# Cloak of Invisibility



## plunoir101 (Sep 25, 2011)

Ok, in the campaign im running, one of the PC's acquired a cloak of invisibility. Now, I've looked through a few books and haven't found anything. I have ruled that its to be treated the same as a ring of invisibility and lasts for 3min (CL 3rd). 

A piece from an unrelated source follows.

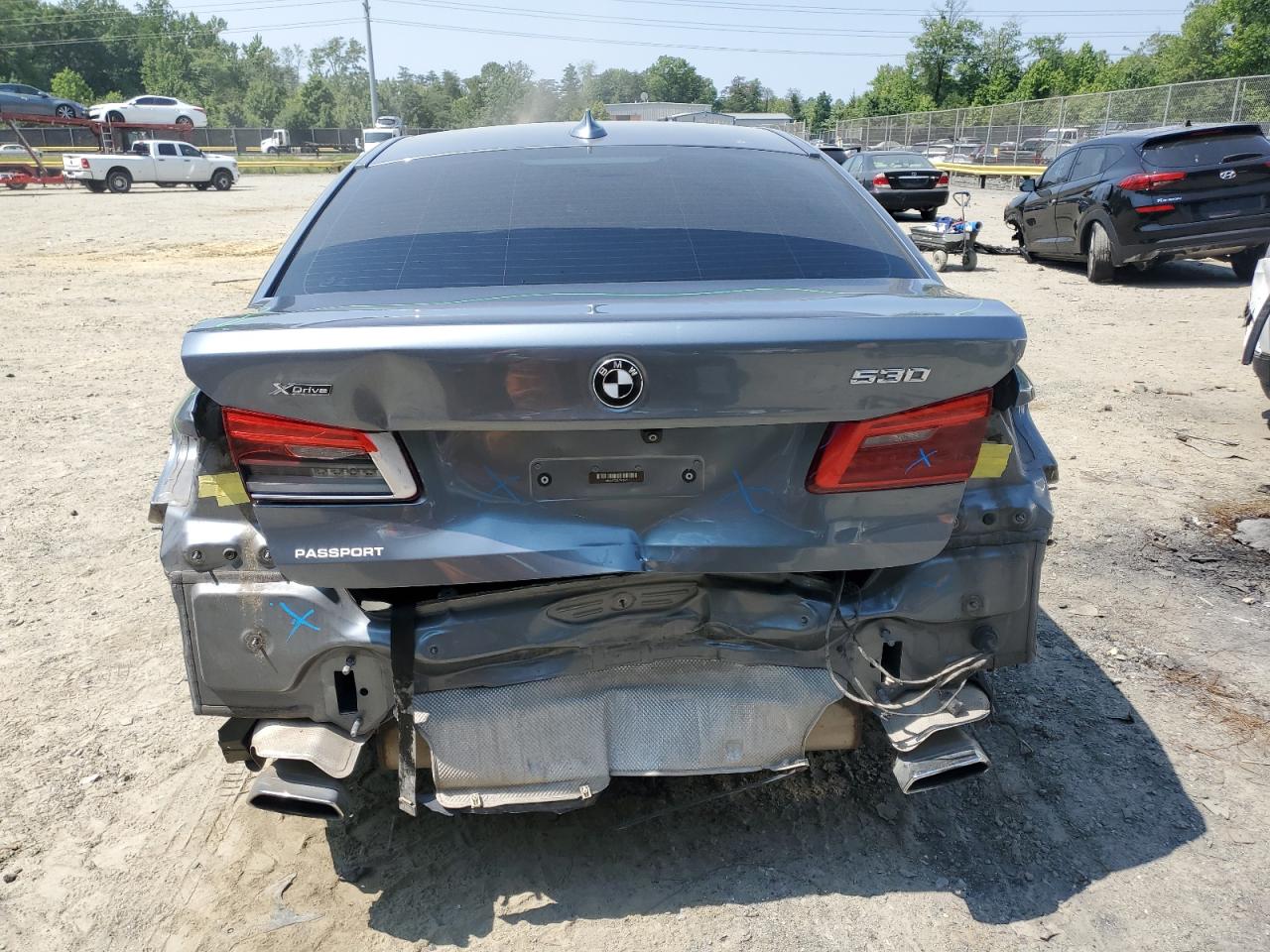 2018 BMW 530 Xi VIN: WBAJA7C55JWC76237 Lot: 59342795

My question is, should the cloak have a limit to how many times per day it can be used? Or is it whenever as a standard action?

-Mike


----------



## Dandu (Sep 25, 2011)

If you're going to treat it as a ring, then there is no limit.


----------



## Jimlock (Sep 26, 2011)

Hope this helps some.

http://www.enworld.org/forum/d-d-legacy-discussion/308660-ring-invisibility.html


----------



## RUMBLETiGER (Sep 26, 2011)

Magic Item Compendium has the Vanisher Cloak, p.145.  3 charges, depending on if you use 1, 2 or 3 charges at a time, affects the number of rounds (4, 3 or 2) and how many allies you can make invisible with you (none, 1 or up to four).  This item is only 2500gp, so balances the limited use.


----------



## plunoir101 (Sep 26, 2011)

thanks guys!
Yeah I'm going to run it as _invisibility _being cast.


----------